Thus, the Colby test requires four essential elements: (1) An investment of money
(2) A common enterprise (3) An expectation of future profits (4) From the efforts of others.
It is necessary that we examine the factual circumstances contained in the findings
of fact of the commissioner and the evidentiary record in the case to determine whether or
not these four elements are satisfied.
Investment of Money
[4] ASC and CFI contend that there was no competent evidence demonstrating an
investment of money for the purchase of a security. They maintain that the purchase of
activator kits did not involve the investment of funds but simply required a payment of
money for purchase of a product. The hearing examiner found that a minimum of ten
activator kits were sold to each grower at a cost of $350. This finding is supported by the
record and is undisputed. In our judgment, the examiner correctly concluded that an
investment of money is required to obtain the activator kits. An "investment of money" as
the term is used in defining an investment contract for federal security act purposes has
been defined to mean only that the investor must commit his assets to the enterprise in
such a manner as to subject himself to financial loss. Hector v. Wiens, 533 F.2d 429, 432
(9th Cir.1978). Likewise, "investment contracts" have been found to exist when the contract
involved the purchase or sale of a durable good or animal. Smith v. Gross, 604 F.2d 639
(9th Cir.1979) (purchase and resale of earthworms); Miller v. Central Chinchilla Group, Inc.,
494 F.2d 414 (8th Cir.1974) (purchase and resale of chinchillas); Continental Marketing
Corp. v. Securities & Exchange Com'n, 387 F.2d 466 (10th Cir.1967), cert. denied 391 U.S.

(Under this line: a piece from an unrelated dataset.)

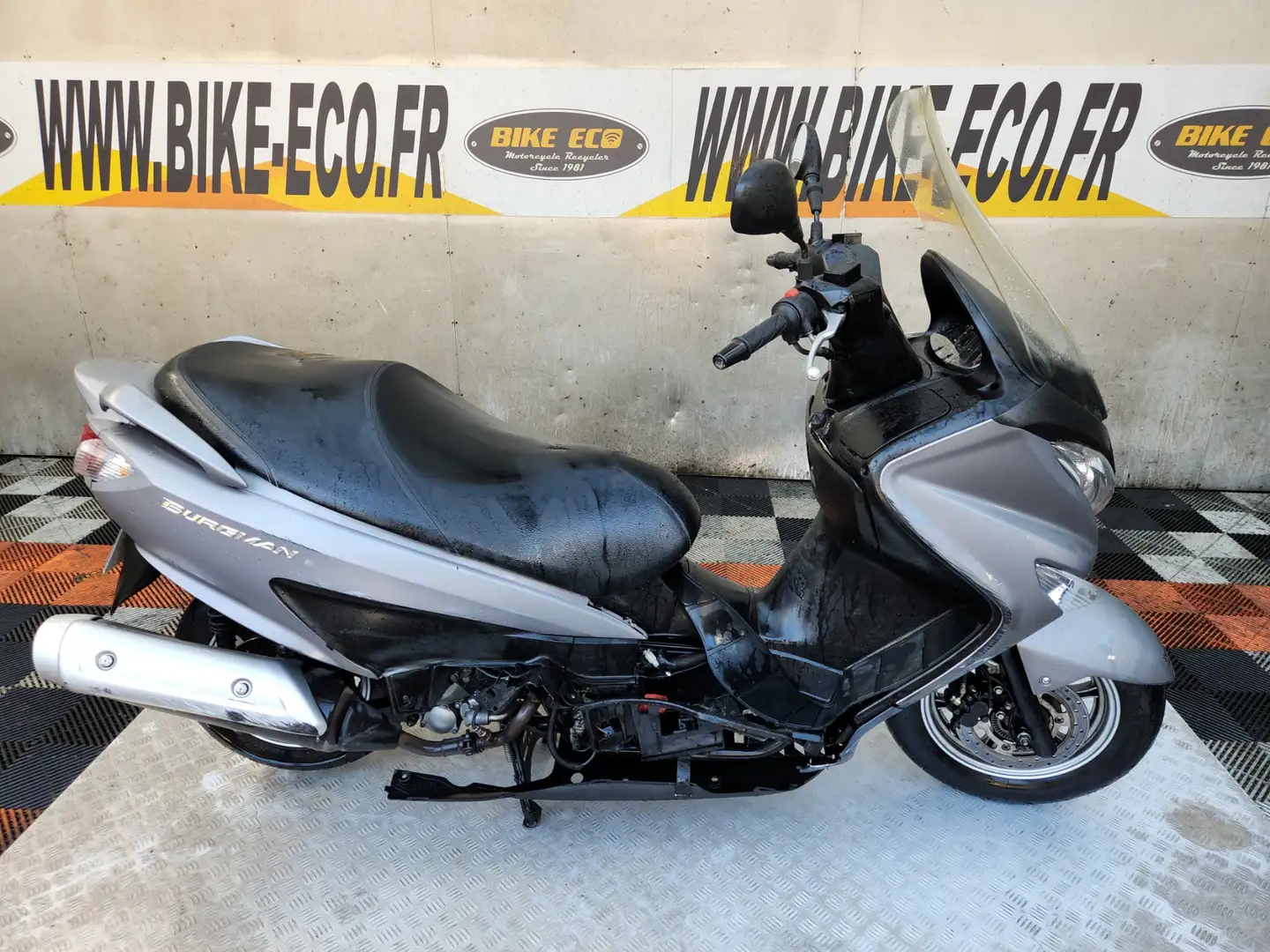 Suzuki Burgman 200 Grey - 1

905, 88 S.Ct. 1655, 20 L.Ed.2d 419 (1968) (purchase and resale of beavers). We have no
hesitancy in holding that the hearing officer, the securities commissioner, and the district
court properly found an "investment of money" by the growers in the transaction.
*618 A Common Enterprise
ASC and CFI contend that there was no common enterprise because they were
separate and distinct legal entities and there was no common interest between ASC, CFI,
and the individual purchasers of activator kits. The securities commissioner contends that
a common enterprise existed because the business success of the growers was linked to
the business success of ASC and CFI. This is particularly true because no other market
existed for the cultures.
**1088 [5] A major case defining "common enterprises" is Securities & Exch. Com.

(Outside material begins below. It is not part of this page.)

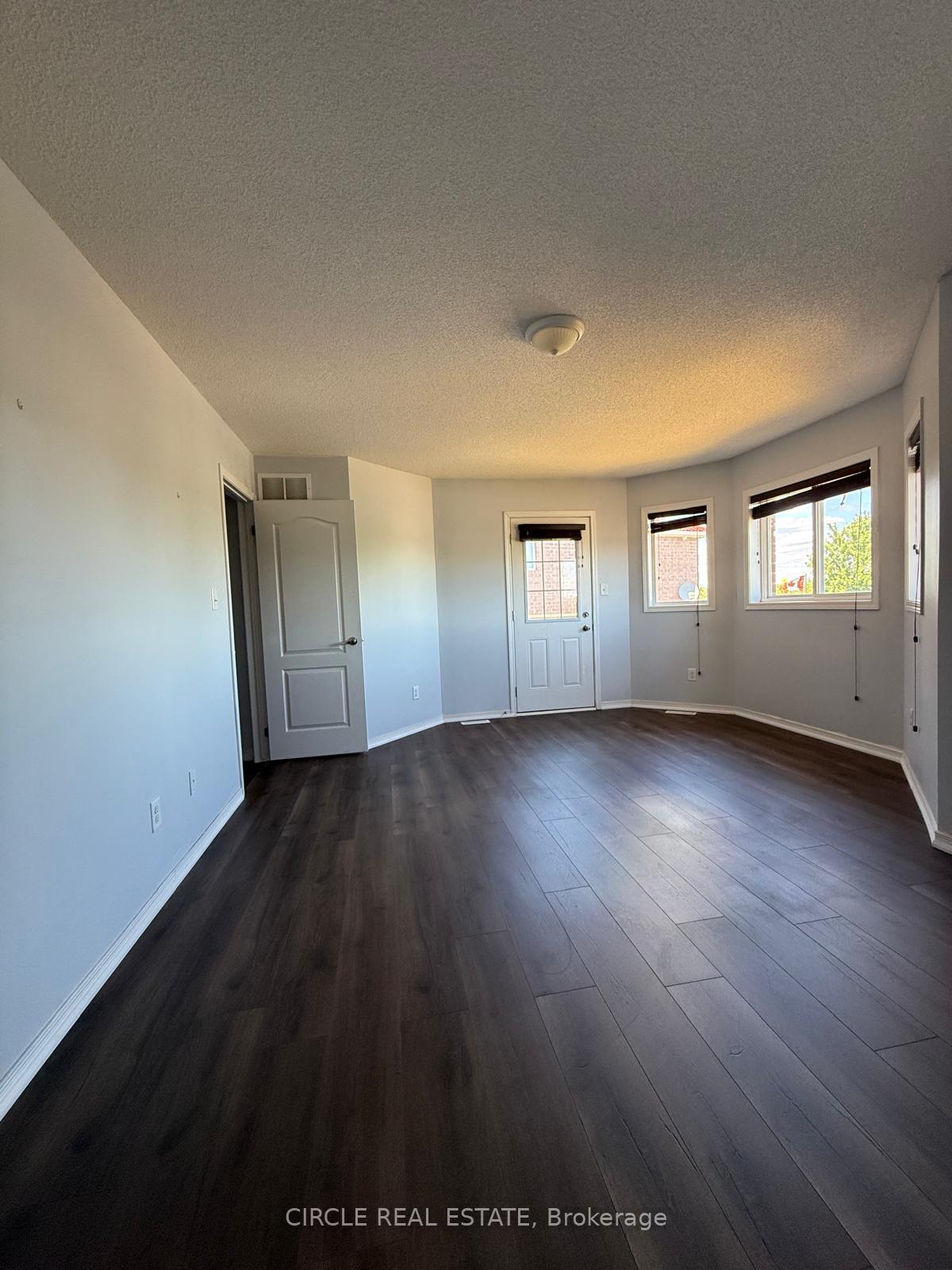 Photo 7 of 1531 Rankin Way, Innisfil, Alcona — HOMEH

v. Koscot Inter., Inc., 497 F.2d 473 (5th Cir.1974), which relied on Securities & Exchange
Com'n v. Glenn W. Turner Ent., Inc., 474 F.2d 476 (9th Cir.1973), and held that a pyramid
selling scheme involving sales of distributorships satisfied the "common enterprise" element
of the definition of an investment contract. The court in Koscot defined a common
enterprise as one in which the "fortunes of the investor are interwoven with and dependent
upon the efforts and success of those seeking the investment or of third parties." 497 F.2d
at 478. Further, the court stated that the fact that the investor's return is independent of
that of other investors in the scheme (sometimes referred to as horizontal commonality) is
not decisive. Rather, the requisite commonality is evidenced by the fact that the fortunes
of all investors are inextricably tied to the efficacy of the promoters. 497 F.2d at 479. This
is referred to as vertical commonality. See also S.E.C. v. Goldfield Deep Mines Co. of
Nevada, 758 F.2d 459 (9th Cir.1985); Crowley v. Montgomery Ward & Co., Inc., 570 F.2d
875 (10th Cir.1975); McCown v. Heidler, 527 F.2d 204 (10th Cir.1975).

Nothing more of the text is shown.